We were very suspicious about the circumstances of the burglary, since the back door had been locked. When the cop dusted it for fingerprints, he came up with nothing. It was almost as if the burglar or burglars had been able to unlock the door, come inside, then crack the window frame to make it look like a random robbery instead of an inside job. In addition, we have two big black dogs who like to bark their heads off, which would deter most burglars other than the real professionals -- whoever broke in here must have known that we kept the dogs on the other side of the house while we're away with the sliding door shut so they couldn't access this side.
Our most likely guess was that the breakin was related to our cleaning service, which was coming in once a week on Wednesdays and would have had a key.

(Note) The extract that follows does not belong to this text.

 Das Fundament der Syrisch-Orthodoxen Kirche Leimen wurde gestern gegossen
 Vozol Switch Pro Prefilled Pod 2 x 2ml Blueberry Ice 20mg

The service consisted of mother and daughter team, and even if they weren't responsible themselves, cleaners have boyfriends who easily could have gotten the key. We've since changed cleaning services to an outfit made up of five or six Chinese immigrants, and they come in on Saturdays when one or both of us are home. (Several of them are more afraid of our dogs than the burglars were.)
The other possibility that occurred to me, since I am politically active, paranoid, and living in a country that is no longer free, was that it was taken by the Minions of the Pig State for whatever reason, most likely looking for incriminating stuff.
Either way, losing the laptop was a serious problem, since our previous two tax returns were on it, which in turn, gave the thieves access to our Social Security numbers. (Yet another strong argument against the Social Security ponzi scheme -- forcing everyone to have a de-factor identity number makes everyone a potential victim of the worst sorts of identity theft.
Fortunately, both of us have a good idea of what to do under the circumstances, and the next week was a flurry of contacting banks and creditors, changing account numbers and passwords, and generally inflicting on ourselves several weeks of financial inconvenience. Suffice to say that we are now secure, or at least as secure as anyone can be in George W. Bush's Amerika.
In the meantime, Penny found a special deal through the University of Illinois for a new computer. A large institution like that, especially one with a world-famous computer department (home of the HAL 9000), is always getting rid of obsolete computers, defined as anything more than three months after market release. As a result, we were able to pick up an amazing iMac with the latest Leopard operating system and an absolutely huge monitor for $600 under list price. Too good to pass up.
The hard drive in this thing is housed inside the monitor mount itself. Thus, anyone who wants to steal it would have a much hard time hiding it under his or her coat than a laptop. It's a great deal heavier, too. Nevertheless, we have it bolted into a stud in the wall with a combination lock. Again, an absolutely determined professional or pig state agent would be able to steal this, if they were willing to spend a dangerous amount of time in here doing it, but the sorts of amateurs who are more likely to break into our house probably wouldn't be able to.
So now I'm back in the blogging business with a lot of catching up to do.